Of course, if you consider recent play at all relevant, then it has to be Georgia getting the nod.
I also think Oklahoma State might give OU some trouble this weekend.
1. The Sagarin predictor would have Oklahoma as a 10-point favorite on a neutral field.
2. Oklahoma can attribute one of their losses to their starting quarterback getting hurt on the first series, which is a pretty valid excuse in my book.
3. You call TT and Tennessee equivalent, but overlook the minor fact that Tennessee blew Georgia's doors off. That Tennessee loss acts as a ceiling for Georgia. They got humiliated by a decent, but not outstanding opponent.
All that said, they do have the same record and Georgia has played a tougher schedule, so if you don't do any parsing, there is a case for Georgia to be ahead of Oklahoma.
Michael, you have to realize this by now: Sagarin's predictor simply does not account for blowouts over terrible opponents. Teams that play difficult opponents and win closely are not given as much credit by his formula as teams that dominate terrible opponents. It's a massive flaw in his system.
Personally, I think Texas Tech isn't as good as Tennessee - and Colley's rankings support that: they have Texas Tech ranked way down at #46 because of their terrible schedule. Texas Tech has a good win over Oklahoma (with their QB injured - aside: but if OU doesn't get knocked too much for that loss, shouldn't Texas Tech not get that much credit?), but their next best win is a weak A&M team. After A&M and OU, their third best win is... umm... none of them should be in the same sentence as the word "best". Iowa State, Baylor, UTEP, Rice, SMU, 1-AA Northwestern State. Their OOC slate is atrocious (Hawaii-bad). Against teams with a pulse this year, Texas Tech is 2-4, with a net point differential of -21 (I wonder how Sagarin would view them just looking at those games).
Meanwhile, against teams with a pulse this year, Tennessee is 5-3. When one ignores the awful opponents on each's schedule, Tennessee looks a whole lot better than Texas Tech, in my view at least.
But regardless, I was only saying the two were roughly equal because you had the two ranked closely in your ballot.

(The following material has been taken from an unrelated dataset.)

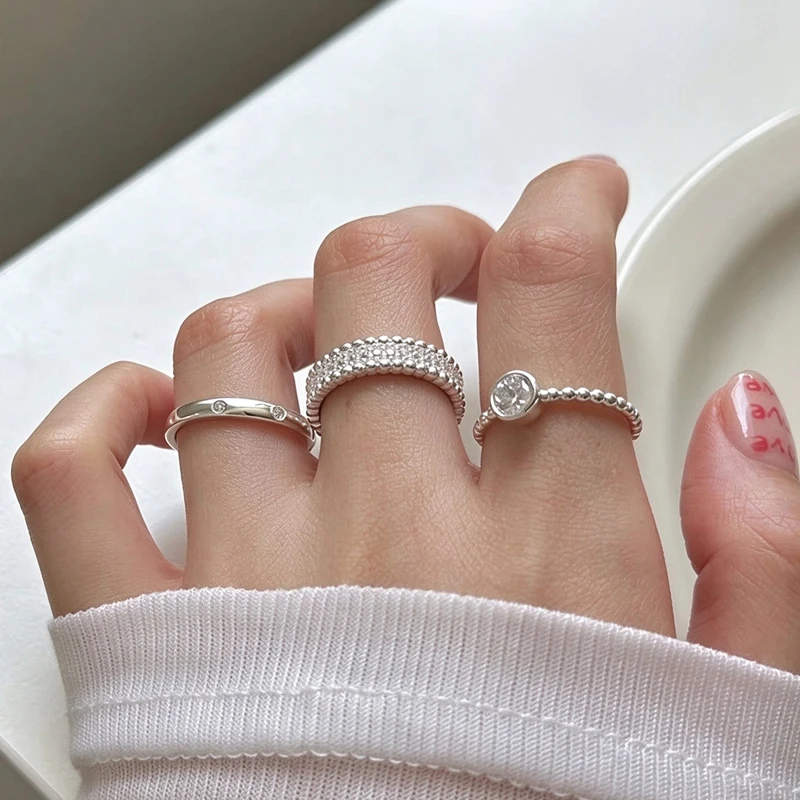 925 Sterling Silver Ring For Women Adjustable Stackable Vintage Rings Pave CZ Korean Luxury Designer Jewelry Birthday Gift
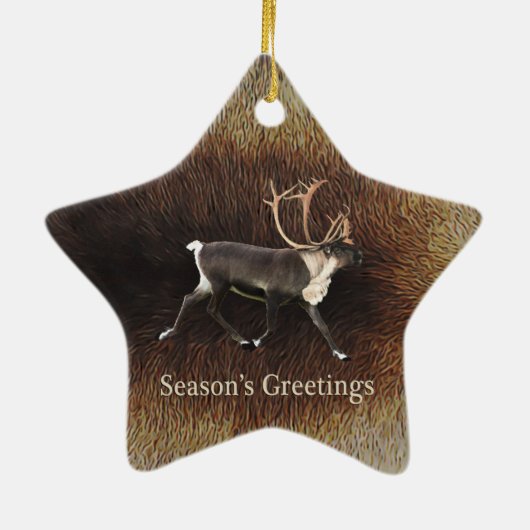 Seizoensgroet - Bull Cariou (rendier) Keramisch Ornament (Achterkant)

I take a little offense to the "no parsing" comment. If there's anything I do, it's parse.
You don't think there's a chance you're putting too much emphasis on the Tennessee-Georgia game (a wild outlier compared to Georgia's offensive and defensive performance in 9 other games, and a wild outlier compared to Tennessee's offensive and defensive performance in 9 other games)? Tennessee played their best game of the year the same day Georgia played their worst. Don't read too too much into that game, if you ask me.
To read these comments, only one thing keeps popping in my head: you don't care about difficulty of opponent at all, just margin of victory. And, if you don't do any parsing, that can look pretty good if you play a lot of teams like Utah State, North Texas, Iowa State, Baylor, Rice, UTEP, SMU, etc.